Nashville has $3.3 billion in outstanding GO debt rated Aa2 by Moody’s Investors Service, AA by S&P Global Ratings, and AA-plus by the Kroll Bond Rating Agency.

The council budget makes some shifts to the mayor’s funding proposal to cover an increase in public employee salaries.

Both budgets adopt a 4% cost-of-living-adjustment and 3% merit increase for city workers, including public school teachers, firefighters, and other first responders, that officials said is the largest such single raise in the city’s history.

Under the council’s plan, part of the costs will be covered by reducing distributions to a scattershot of smaller projects and proposals while redirecting part of the mayor’s proposed allocation to one of the city’s rainy day accounts.

Dubbed the 4% Fund as local law requires that no less than 4% of the city’s general fund be deposited into it annually, the council budget allocates $54 million to those reserves.

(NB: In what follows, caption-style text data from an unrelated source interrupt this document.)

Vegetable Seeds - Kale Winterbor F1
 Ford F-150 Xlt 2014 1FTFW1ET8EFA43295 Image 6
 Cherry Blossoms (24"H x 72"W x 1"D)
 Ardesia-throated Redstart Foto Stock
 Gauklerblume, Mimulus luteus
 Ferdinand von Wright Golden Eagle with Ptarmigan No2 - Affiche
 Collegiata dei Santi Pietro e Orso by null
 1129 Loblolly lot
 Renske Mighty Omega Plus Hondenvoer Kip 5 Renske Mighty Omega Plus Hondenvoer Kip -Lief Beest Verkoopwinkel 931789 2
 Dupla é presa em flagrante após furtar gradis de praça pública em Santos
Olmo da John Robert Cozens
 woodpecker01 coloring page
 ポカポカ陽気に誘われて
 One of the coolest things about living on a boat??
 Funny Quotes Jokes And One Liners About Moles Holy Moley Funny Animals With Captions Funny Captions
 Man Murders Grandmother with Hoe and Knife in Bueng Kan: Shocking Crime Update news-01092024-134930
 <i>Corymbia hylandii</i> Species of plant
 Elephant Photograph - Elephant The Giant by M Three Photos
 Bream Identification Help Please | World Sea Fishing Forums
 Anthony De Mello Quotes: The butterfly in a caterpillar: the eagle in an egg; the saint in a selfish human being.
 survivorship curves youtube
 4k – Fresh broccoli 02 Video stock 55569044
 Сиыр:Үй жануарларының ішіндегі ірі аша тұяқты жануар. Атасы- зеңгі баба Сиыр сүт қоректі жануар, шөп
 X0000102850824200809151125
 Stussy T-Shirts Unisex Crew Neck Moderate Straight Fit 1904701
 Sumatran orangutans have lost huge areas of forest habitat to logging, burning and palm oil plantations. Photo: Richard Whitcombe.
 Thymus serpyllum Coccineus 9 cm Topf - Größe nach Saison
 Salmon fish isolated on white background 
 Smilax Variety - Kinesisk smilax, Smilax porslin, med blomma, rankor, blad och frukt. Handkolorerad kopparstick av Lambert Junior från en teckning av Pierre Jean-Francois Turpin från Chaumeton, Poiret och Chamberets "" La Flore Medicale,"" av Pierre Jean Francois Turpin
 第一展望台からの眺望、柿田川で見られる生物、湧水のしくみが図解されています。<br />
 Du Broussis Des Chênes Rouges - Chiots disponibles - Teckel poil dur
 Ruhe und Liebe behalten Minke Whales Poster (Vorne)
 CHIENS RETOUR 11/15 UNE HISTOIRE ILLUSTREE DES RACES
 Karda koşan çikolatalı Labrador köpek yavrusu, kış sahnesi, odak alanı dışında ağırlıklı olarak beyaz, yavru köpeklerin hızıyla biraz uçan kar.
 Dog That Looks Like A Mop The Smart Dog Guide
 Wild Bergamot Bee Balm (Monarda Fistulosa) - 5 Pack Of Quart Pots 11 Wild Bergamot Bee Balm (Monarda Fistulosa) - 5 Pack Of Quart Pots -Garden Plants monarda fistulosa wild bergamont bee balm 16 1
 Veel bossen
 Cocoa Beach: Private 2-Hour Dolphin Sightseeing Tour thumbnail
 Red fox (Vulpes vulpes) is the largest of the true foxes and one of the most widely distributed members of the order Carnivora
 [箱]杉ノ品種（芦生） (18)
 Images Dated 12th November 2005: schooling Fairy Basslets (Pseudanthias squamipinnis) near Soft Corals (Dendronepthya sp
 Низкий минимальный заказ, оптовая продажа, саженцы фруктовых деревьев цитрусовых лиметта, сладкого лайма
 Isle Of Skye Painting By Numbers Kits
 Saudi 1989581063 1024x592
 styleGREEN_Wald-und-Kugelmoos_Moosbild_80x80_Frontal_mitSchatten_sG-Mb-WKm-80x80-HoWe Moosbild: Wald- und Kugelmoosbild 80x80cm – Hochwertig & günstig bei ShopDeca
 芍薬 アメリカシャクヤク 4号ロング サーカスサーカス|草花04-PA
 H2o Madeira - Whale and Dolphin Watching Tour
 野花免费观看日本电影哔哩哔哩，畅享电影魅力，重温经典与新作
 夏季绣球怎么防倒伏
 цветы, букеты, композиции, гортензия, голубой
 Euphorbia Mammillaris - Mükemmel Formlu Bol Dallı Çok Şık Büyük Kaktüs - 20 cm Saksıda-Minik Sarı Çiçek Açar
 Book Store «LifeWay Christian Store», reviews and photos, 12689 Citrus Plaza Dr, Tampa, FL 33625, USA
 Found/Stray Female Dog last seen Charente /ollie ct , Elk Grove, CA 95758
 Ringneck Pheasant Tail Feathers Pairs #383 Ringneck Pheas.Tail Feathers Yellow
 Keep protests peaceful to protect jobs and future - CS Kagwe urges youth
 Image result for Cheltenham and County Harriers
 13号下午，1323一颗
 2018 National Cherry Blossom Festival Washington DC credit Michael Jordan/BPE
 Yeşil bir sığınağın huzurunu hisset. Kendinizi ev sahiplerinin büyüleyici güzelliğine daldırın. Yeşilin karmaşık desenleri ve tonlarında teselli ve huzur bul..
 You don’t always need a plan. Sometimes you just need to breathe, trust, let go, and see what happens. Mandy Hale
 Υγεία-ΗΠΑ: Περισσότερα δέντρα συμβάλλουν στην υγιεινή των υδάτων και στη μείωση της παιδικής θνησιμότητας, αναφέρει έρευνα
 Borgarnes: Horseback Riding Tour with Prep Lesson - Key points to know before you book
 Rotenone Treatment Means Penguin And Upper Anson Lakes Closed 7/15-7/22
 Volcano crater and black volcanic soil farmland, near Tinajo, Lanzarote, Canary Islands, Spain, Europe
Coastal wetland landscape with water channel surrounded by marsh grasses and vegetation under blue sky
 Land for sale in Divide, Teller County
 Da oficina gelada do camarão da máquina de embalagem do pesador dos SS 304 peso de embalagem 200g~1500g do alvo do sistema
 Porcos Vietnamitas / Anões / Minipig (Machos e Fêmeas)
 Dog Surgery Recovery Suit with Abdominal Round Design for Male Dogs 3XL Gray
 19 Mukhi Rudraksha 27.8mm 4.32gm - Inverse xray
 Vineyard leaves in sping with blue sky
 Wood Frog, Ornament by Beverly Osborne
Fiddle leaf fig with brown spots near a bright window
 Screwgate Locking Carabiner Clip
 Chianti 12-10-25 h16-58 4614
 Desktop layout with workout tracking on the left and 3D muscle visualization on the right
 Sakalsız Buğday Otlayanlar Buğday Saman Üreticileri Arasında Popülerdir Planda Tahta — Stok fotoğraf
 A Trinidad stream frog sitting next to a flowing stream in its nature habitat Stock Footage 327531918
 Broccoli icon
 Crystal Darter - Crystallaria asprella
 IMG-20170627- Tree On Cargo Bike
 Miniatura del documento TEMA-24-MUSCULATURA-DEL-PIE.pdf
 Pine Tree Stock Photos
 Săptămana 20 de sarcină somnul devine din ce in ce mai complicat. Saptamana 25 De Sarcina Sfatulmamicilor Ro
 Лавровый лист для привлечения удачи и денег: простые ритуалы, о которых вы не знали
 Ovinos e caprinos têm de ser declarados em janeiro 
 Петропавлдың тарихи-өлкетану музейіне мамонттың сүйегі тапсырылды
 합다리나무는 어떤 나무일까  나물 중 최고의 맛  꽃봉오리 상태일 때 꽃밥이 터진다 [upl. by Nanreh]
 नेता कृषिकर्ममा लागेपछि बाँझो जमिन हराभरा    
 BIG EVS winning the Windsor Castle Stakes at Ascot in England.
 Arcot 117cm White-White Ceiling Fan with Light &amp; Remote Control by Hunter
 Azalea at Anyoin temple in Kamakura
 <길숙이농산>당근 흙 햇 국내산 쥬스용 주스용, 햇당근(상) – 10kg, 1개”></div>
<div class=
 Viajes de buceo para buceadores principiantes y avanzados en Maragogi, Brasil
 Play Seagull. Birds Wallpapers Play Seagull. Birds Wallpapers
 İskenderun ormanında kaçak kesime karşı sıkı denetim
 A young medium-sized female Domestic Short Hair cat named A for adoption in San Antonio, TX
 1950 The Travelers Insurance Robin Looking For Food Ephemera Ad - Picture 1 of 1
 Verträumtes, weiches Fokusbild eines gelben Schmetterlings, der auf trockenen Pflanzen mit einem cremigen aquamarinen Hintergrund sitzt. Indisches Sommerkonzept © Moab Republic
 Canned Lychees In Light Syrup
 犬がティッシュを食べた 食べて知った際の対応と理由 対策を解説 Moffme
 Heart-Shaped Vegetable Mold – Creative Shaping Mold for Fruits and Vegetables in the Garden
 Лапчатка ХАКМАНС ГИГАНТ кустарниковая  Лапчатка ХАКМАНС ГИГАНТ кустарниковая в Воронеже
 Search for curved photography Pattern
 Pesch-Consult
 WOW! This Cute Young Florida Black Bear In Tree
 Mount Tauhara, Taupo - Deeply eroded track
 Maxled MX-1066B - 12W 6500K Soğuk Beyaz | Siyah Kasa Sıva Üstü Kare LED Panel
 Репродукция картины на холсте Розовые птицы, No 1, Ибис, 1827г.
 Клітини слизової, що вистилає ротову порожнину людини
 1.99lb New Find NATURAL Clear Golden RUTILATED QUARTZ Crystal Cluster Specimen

At 4.5% of general fund revenue, that’s above the legally required rate, but $3 million short of what Cooper wanted, marking the most significant funding difference between the two proposals. It is also below a 5% rate requirement some local lawmakers have been calling for in the face of increasing equipment and material costs.

Like the mayor’s plan, the council budget uses part of fiscal 2023’s $125.7 million surplus to beef up a different reserve account to record levels.

City Councilmember Bob Mendes said those “dramatically increased” reserves, along with steady revenue from a property tax rate hike instituted in 2020, allowed the city to shoulder the year-by-year increases in costs associated with the improved employee pay plan.

The spending plan includes $55 million to costs associated with public employee benefits including the new pay bump.

In a recent budget report, officials said expect to see a cool down in tax revenue intake into the new year and possibly beyond; the city will see a 3.1% increase in revenue from its business taxes, 4.9% from sales taxes, and 7.3% from the Alcohol and Beverage Tax, the report said, marking a steep decline from the double-digit increases seen in some revenue streams over the last two years.

However, officials also said in that report that years of fiscally conservative practices and strong reserves gave the city stability “in the event of unforeseen emergencies or economic downturns.”